Vancouver, British Columbia
My son died when he was 17. I cherish the art he made at all ages, and I wish I had kept more of it. It is all we have anymore.
Many parents now may well choose to keep and discard their children’s art via a junk drive and a camera. That seems the best alternative to me. I have often wished my parents had saved at least an example of my art at various ages. The earliest evidence of my art is a photo of me at age 4, sitting at the blackboard that my wonderful parents had placed on the kitchen wall. My chalk drawing is of a kitty. No one minds that chalkboard drawings get erased, as that must happen in order for more art to happen. I also have a painting on glass of a red bird from first grade (photos were placed under glass and we were to duplicate them), and my first oil painting from age 13 (a still life), when I took private lessons.
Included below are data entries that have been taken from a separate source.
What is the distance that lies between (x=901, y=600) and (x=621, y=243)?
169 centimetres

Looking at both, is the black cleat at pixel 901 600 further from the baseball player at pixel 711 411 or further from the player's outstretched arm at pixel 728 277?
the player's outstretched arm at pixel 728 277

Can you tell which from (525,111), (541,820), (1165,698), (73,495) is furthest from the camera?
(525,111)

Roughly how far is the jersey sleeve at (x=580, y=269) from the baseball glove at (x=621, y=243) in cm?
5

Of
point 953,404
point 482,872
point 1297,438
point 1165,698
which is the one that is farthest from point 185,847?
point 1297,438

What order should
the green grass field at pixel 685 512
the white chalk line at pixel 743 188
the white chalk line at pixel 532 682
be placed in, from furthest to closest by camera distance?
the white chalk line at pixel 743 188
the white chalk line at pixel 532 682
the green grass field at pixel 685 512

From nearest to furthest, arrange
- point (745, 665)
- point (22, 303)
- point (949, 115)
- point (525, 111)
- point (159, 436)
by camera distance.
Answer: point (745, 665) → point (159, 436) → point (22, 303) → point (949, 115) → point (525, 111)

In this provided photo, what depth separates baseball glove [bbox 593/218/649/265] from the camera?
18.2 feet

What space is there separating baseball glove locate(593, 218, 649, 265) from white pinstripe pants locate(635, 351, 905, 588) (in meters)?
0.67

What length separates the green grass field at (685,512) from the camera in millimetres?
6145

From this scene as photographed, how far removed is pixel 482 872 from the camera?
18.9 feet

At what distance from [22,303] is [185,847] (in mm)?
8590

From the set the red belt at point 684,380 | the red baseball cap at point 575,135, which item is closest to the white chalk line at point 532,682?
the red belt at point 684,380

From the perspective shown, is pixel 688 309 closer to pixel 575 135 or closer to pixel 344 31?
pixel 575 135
These are treasures. After I am gone they may not mean anything to anyone, but they are heartwarming to me, because they serve to remind me of my parents’ support of my art talent.
I hope parents will digitally document and treasure their children’s art. After all, some of them may grow up to get art degrees and produce meaningful art that makes the world a better and more beautiful place.
Digitize it. Take pictures of it. Let kids decide for themselves what to do with it when they grow up.
The same might apply to 90 percent or more of parental photography, especially with the first child.
Battle Creek, Mich.
Why not delete the videos of my 5-year-old daughter trying to shoot a basketball? She’s absolute garbage; she’s made two baskets after about 50 attempts. I have the video; it’s adorable.
We don’t always remember how much we’ve improved, or how we’ve developed over time. Capturing and saving the highlights of my child’s past can be a good thing, and both she and I can appreciate it later on.
My first thought after reading Townsend’s article on tossing children’s art was to ponder the age of the author. I am nearly 70 now and made a major move just three years ago. At the time, my husband and I went through boxes and filing cabinets filled to the brim with bits and pieces of our lives together, which included raising three children. We were pretty good about tossing things that were nothing special and things we thought the kids would not really be interested in. But among the things we did keep were a number of their art projects. Some we kept because the kids had had art lessons from their aunt for a few years, so their projects had actually gotten pretty good—a few are even framed and hanging in the living room. Others, although not worthy of framing, were saved anyway. Why? Not because they were valuable to anyone, not because the kids might treasure them someday, but because they made us smile when we looked at them. In my middle age, I would see them and think, Hmm—cute, but is it really worth keeping? Is it just clutter?